PROBLEM DESCRIPTION =
Print the data exactly as written, line for line, and leave its pictures behind.

[Scraped caption text data]
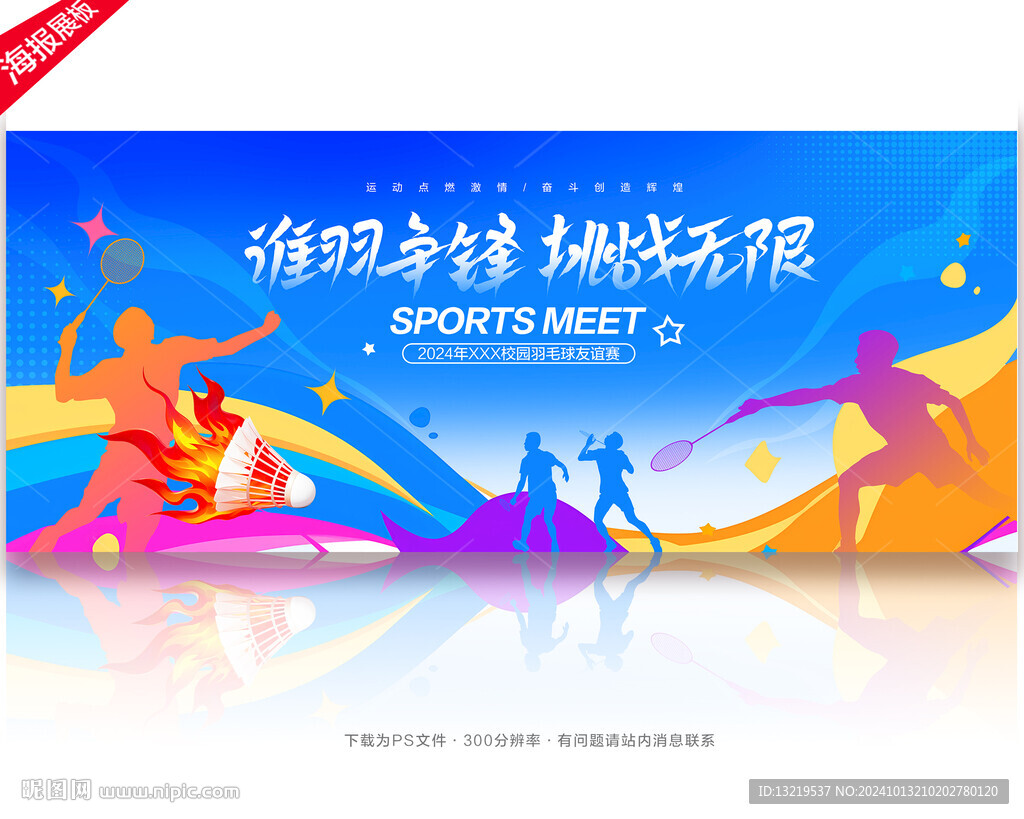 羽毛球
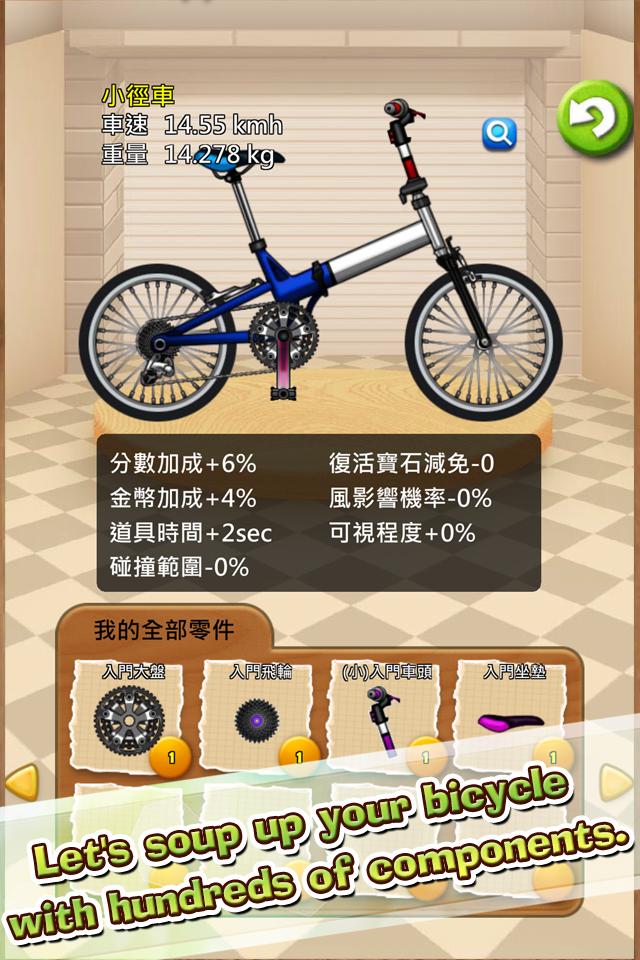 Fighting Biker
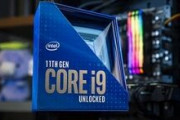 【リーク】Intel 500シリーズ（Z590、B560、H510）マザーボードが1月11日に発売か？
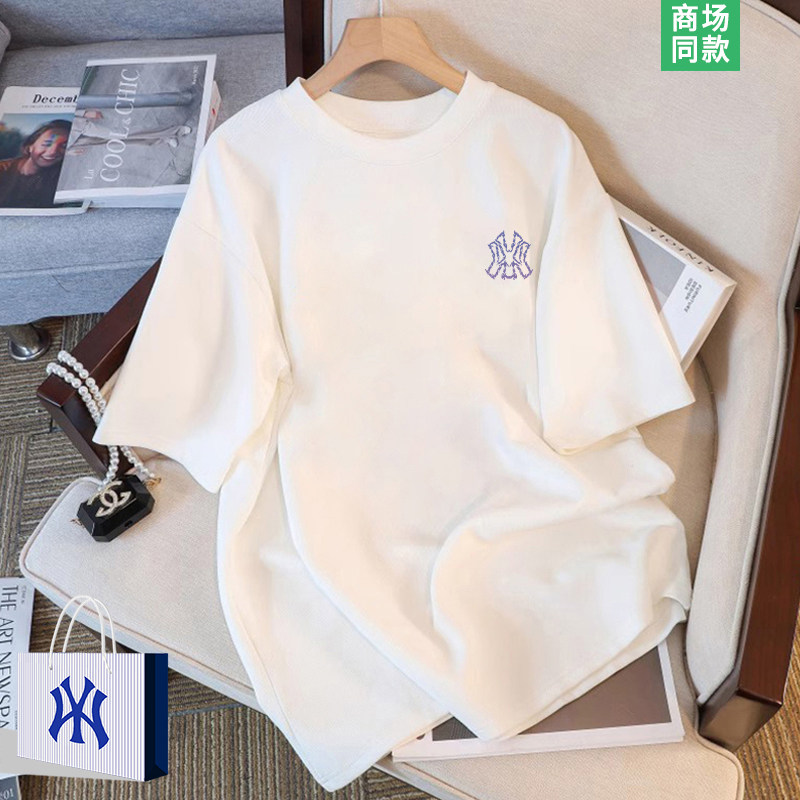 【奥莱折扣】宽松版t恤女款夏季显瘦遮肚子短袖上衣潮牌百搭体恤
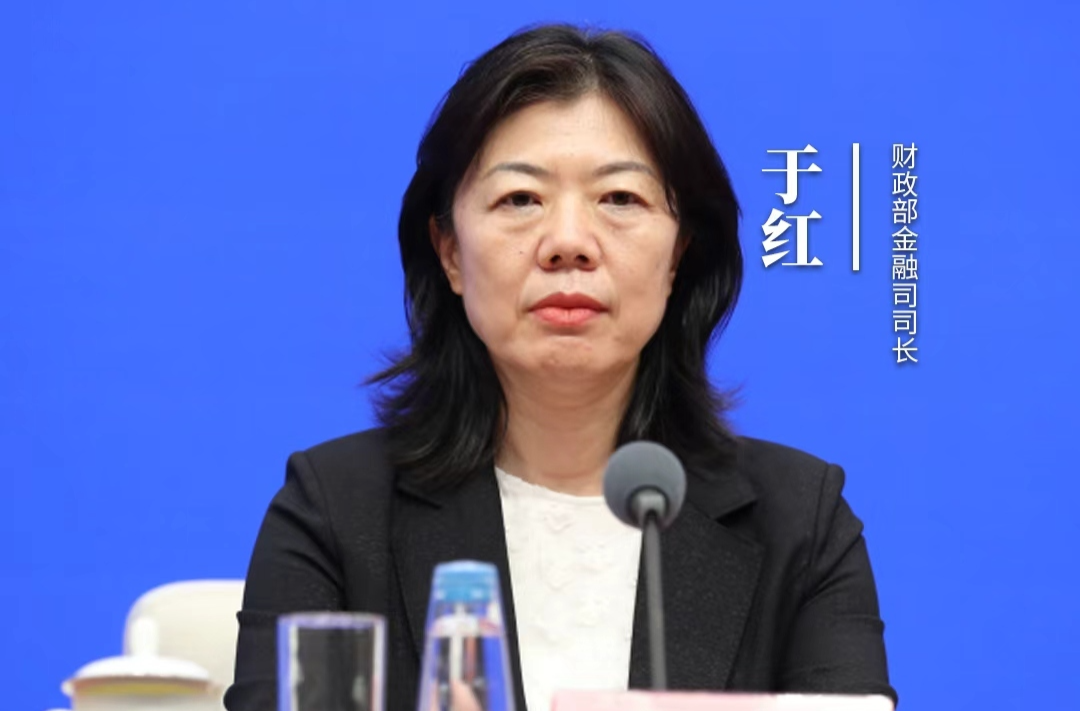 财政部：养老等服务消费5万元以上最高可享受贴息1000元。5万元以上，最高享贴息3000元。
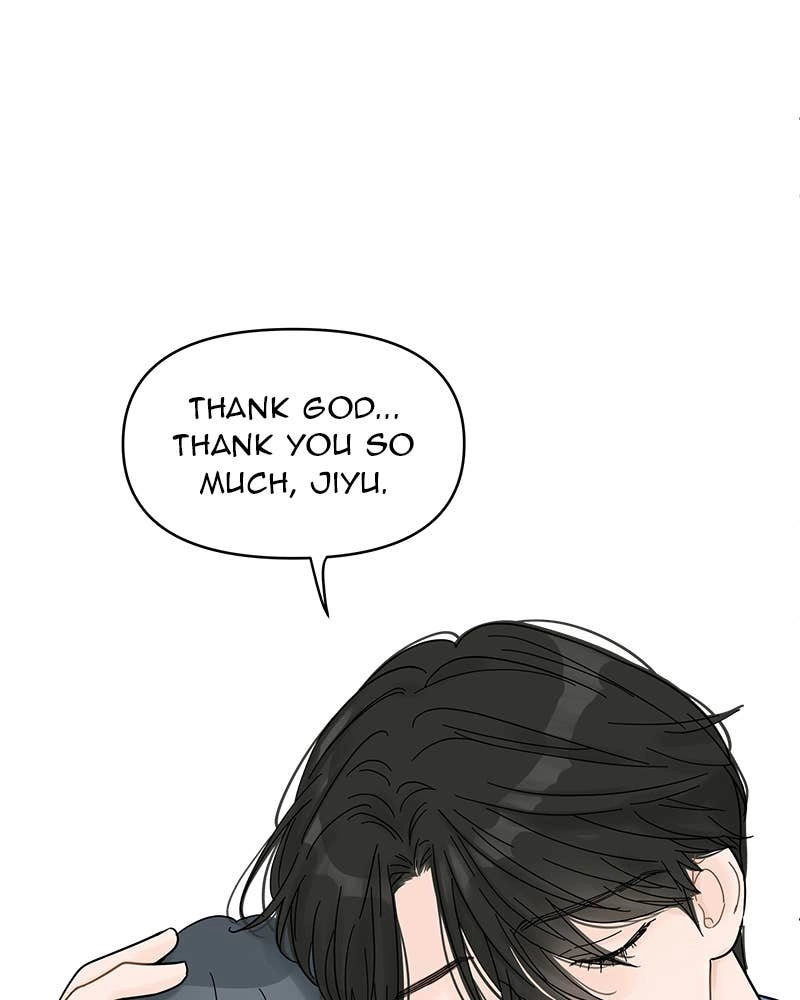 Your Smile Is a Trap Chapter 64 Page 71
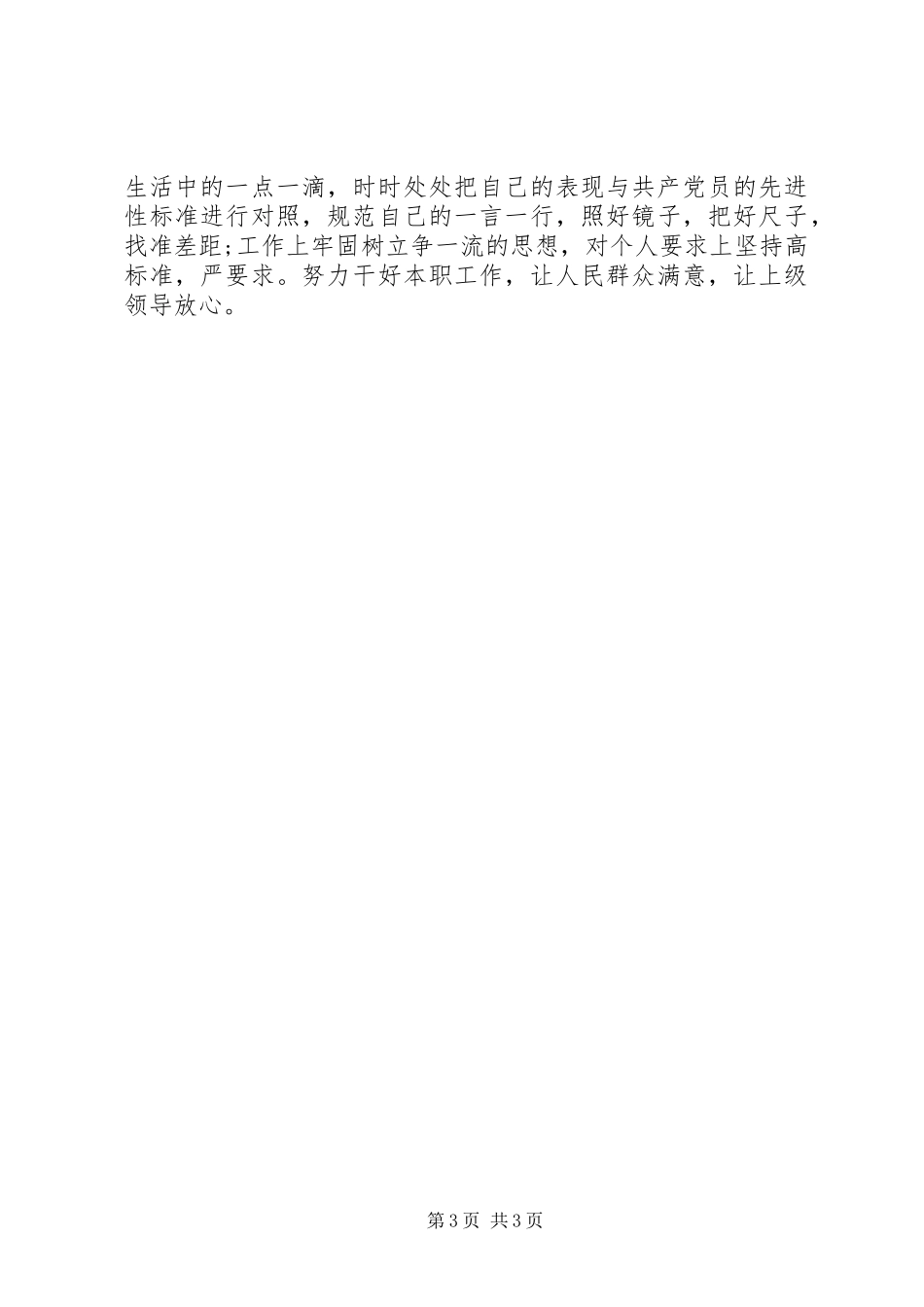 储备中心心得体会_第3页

SOLUTION =
 羽毛球
 Fighting Biker
 【リーク】Intel 500シリーズ（Z590、B560、H510）マザーボードが1月11日に発売か？
 【奥莱折扣】宽松版t恤女款夏季显瘦遮肚子短袖上衣潮牌百搭体恤
 财政部：养老等服务消费5万元以上最高可享受贴息1000元。5万元以上，最高享贴息3000元。
 Your Smile Is a Trap Chapter 64 Page 71
 储备中心心得体会_第3页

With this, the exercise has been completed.